*** Opening Data under study ***
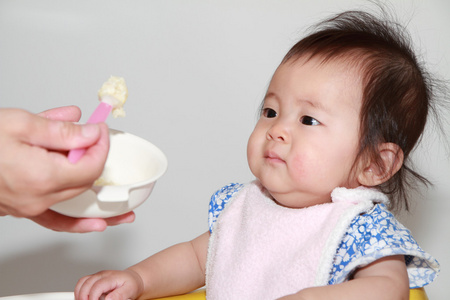 日本女婴吃婴儿食品0岁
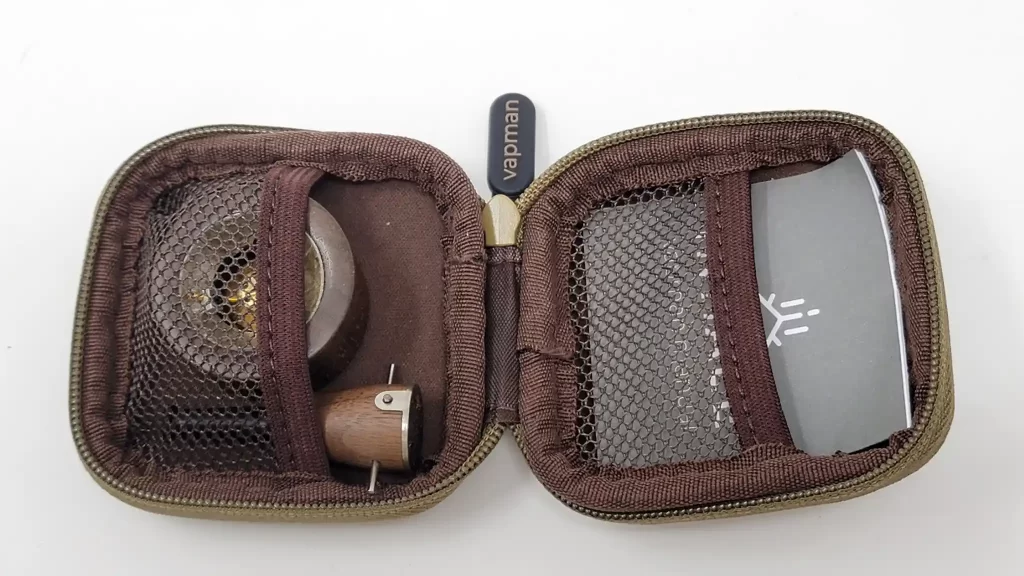 Vapman Click comes in a soft-sided travel case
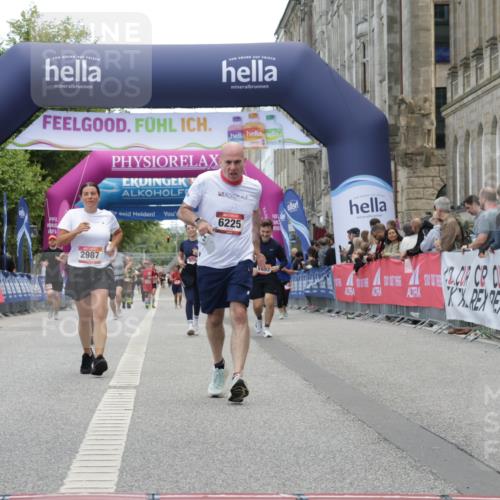 06.09.2026 - CURREX Alsterlauf Yannick Fuchs http://msf.ph/oto/10226988 06.09.2026 10:23:02 Ziel 2206, 2490, 2987, 3275, 4813, 5128, 6225 meine-sportfotos.de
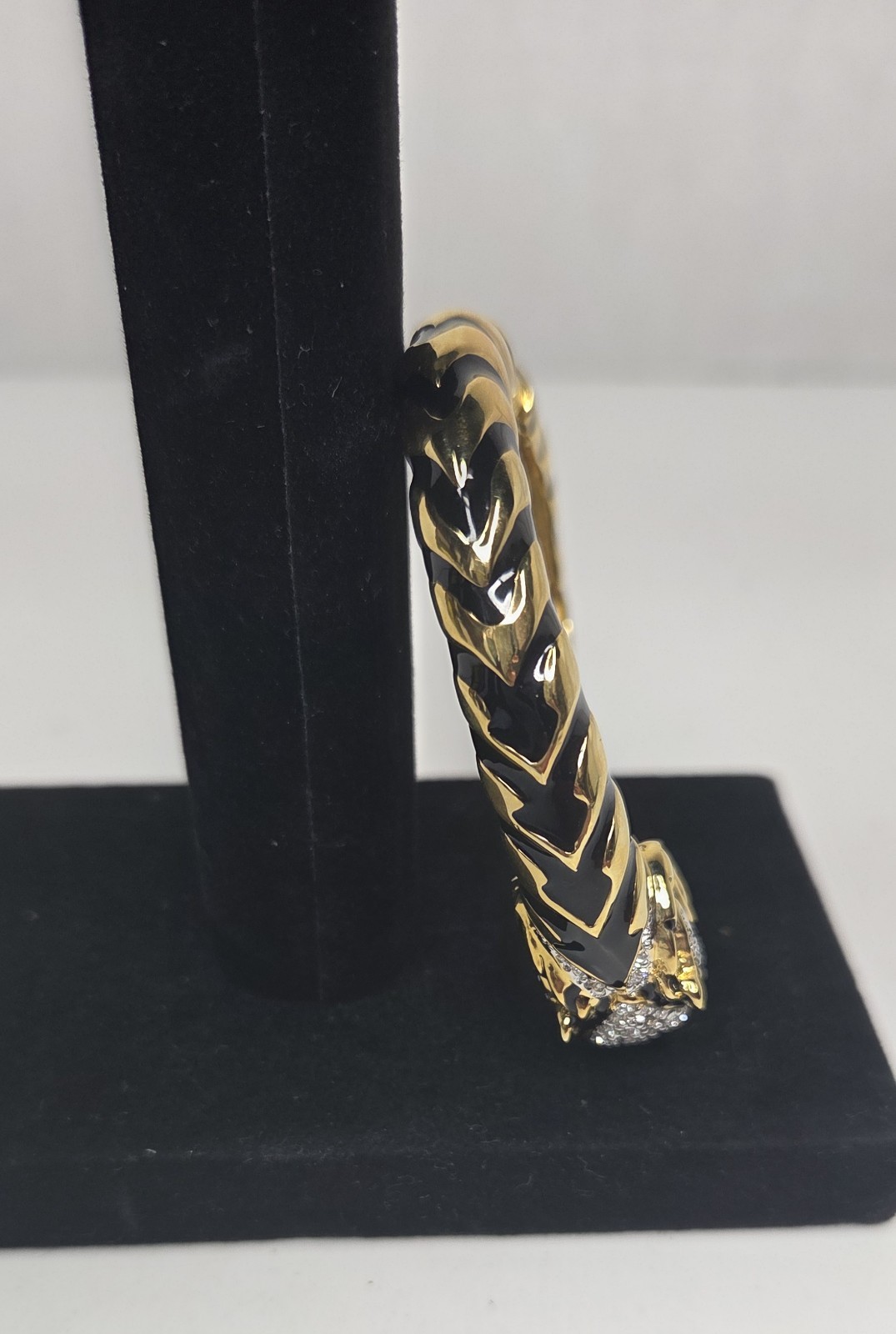 Kenneth J Lane KJL Raja Tiger Enamel & Crystal Bracelet Signed With Box & Papers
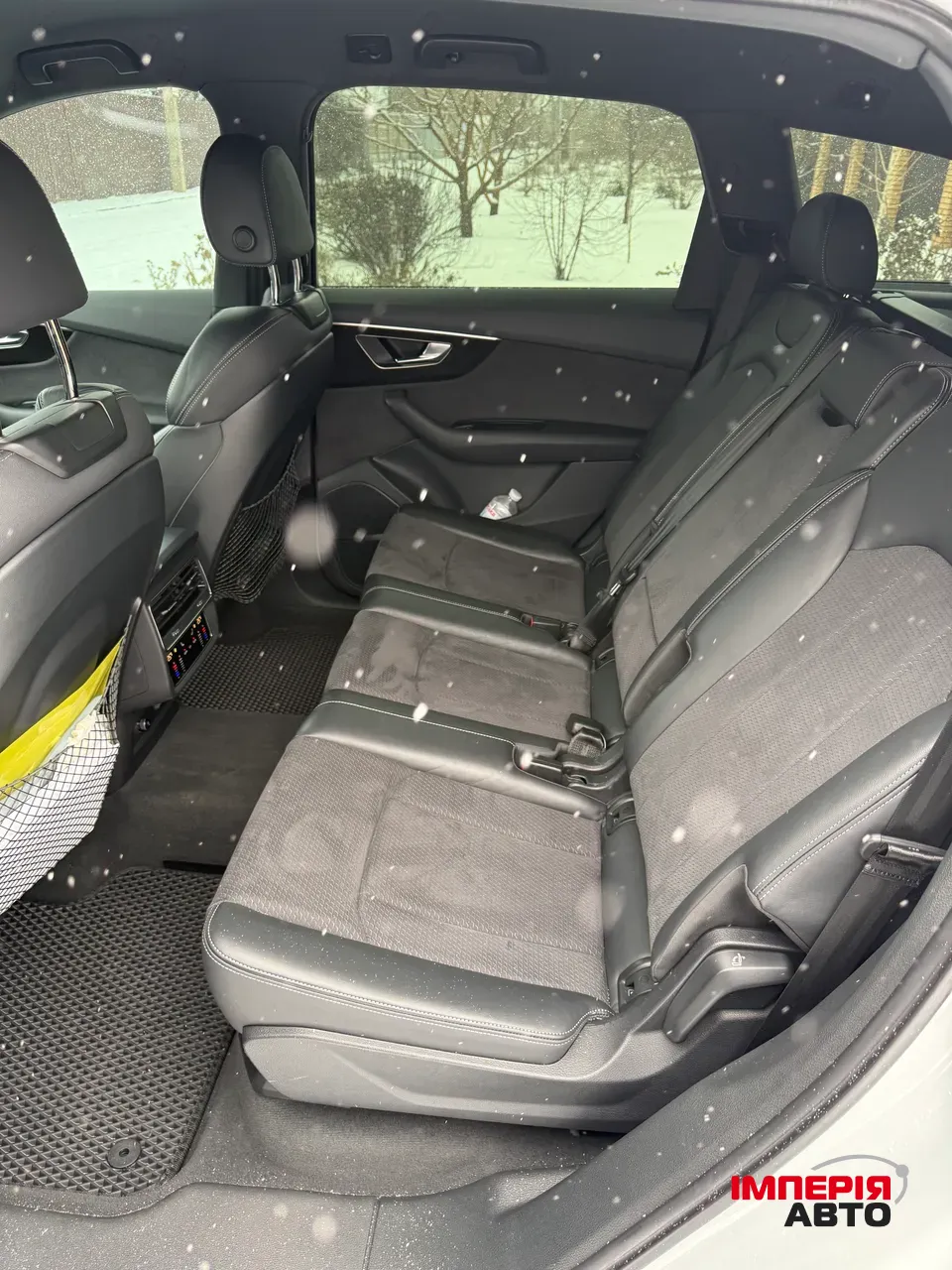 Audi Q7 - фото 20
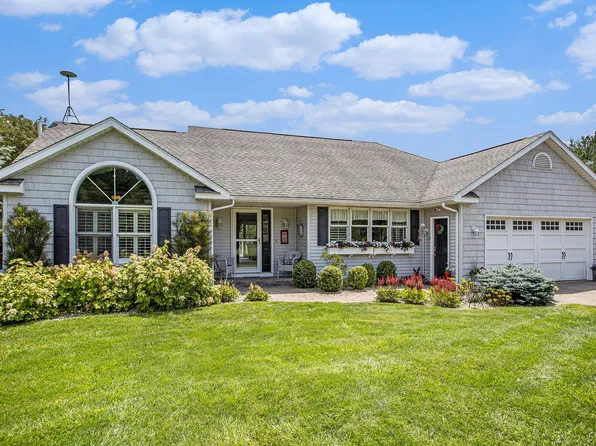 12181 Pine Lake Rd, Plainwell, MI 49080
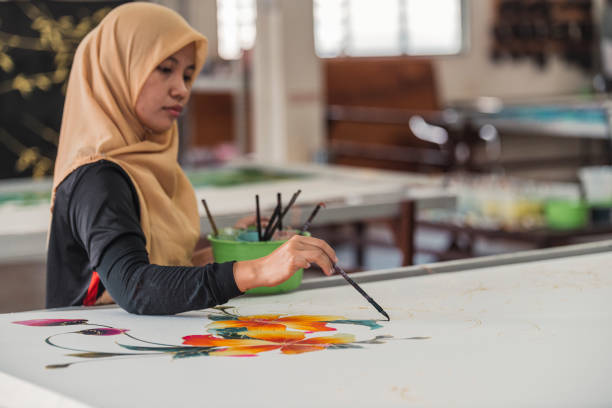 istock Asian woman working in Batik workshop 965567106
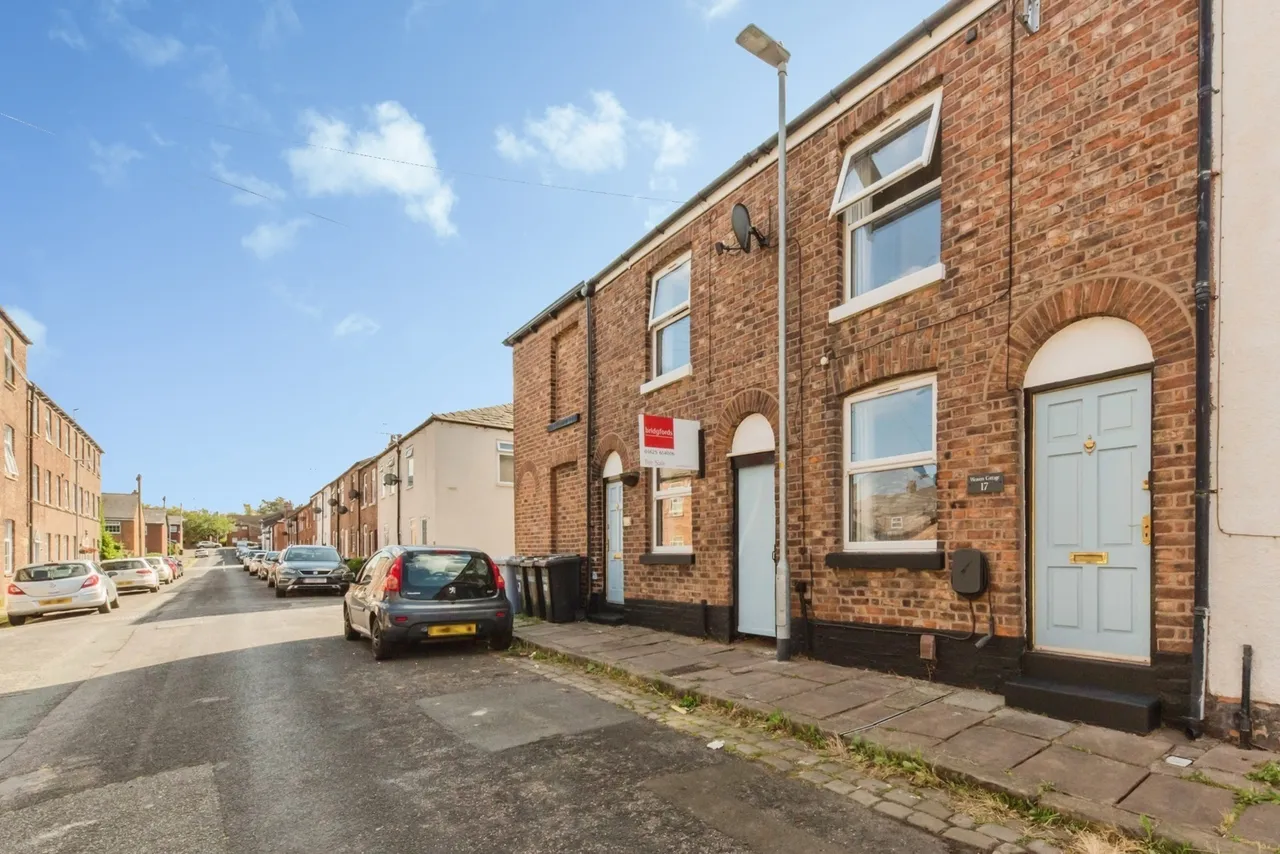 Pitt Street, Macclesfield, Cheshire, SK11, photo 12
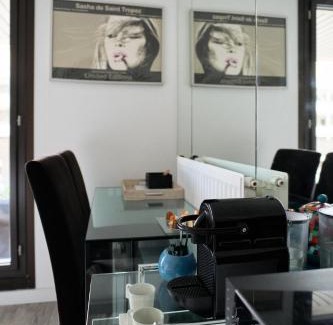 Levallois-Perret Apartment | Beautiful modern fully furnished studio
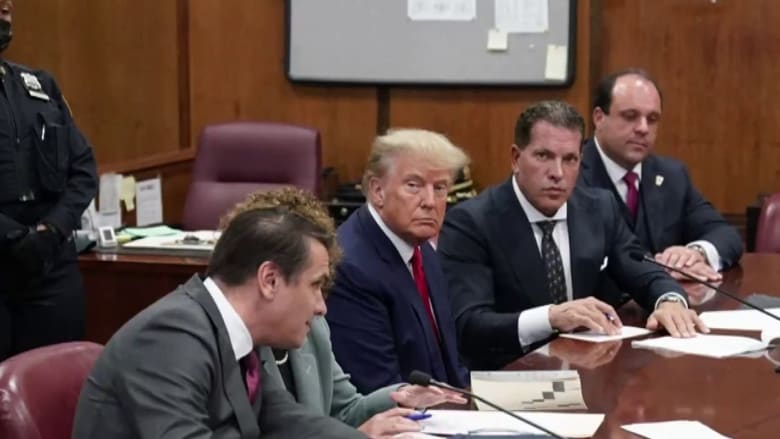 Courtroom reporter describes Trump's demeanor during arraignment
*** Closing Data under study ***
Task: Could you repeat the listing above exactly, omitting its pictures?

Answer box:
 日本女婴吃婴儿食品0岁
 Vapman Click comes in a soft-sided travel case
 06.09.2026 - CURREX Alsterlauf Yannick Fuchs http://msf.ph/oto/10226988 06.09.2026 10:23:02 Ziel 2206, 2490, 2987, 3275, 4813, 5128, 6225 meine-sportfotos.de
 Kenneth J Lane KJL Raja Tiger Enamel & Crystal Bracelet Signed With Box & Papers
 Audi Q7 - фото 20
 12181 Pine Lake Rd, Plainwell, MI 49080
 istock Asian woman working in Batik workshop 965567106
 Pitt Street, Macclesfield, Cheshire, SK11, photo 12
 Levallois-Perret Apartment | Beautiful modern fully furnished studio
 Courtroom reporter describes Trump's demeanor during arraignment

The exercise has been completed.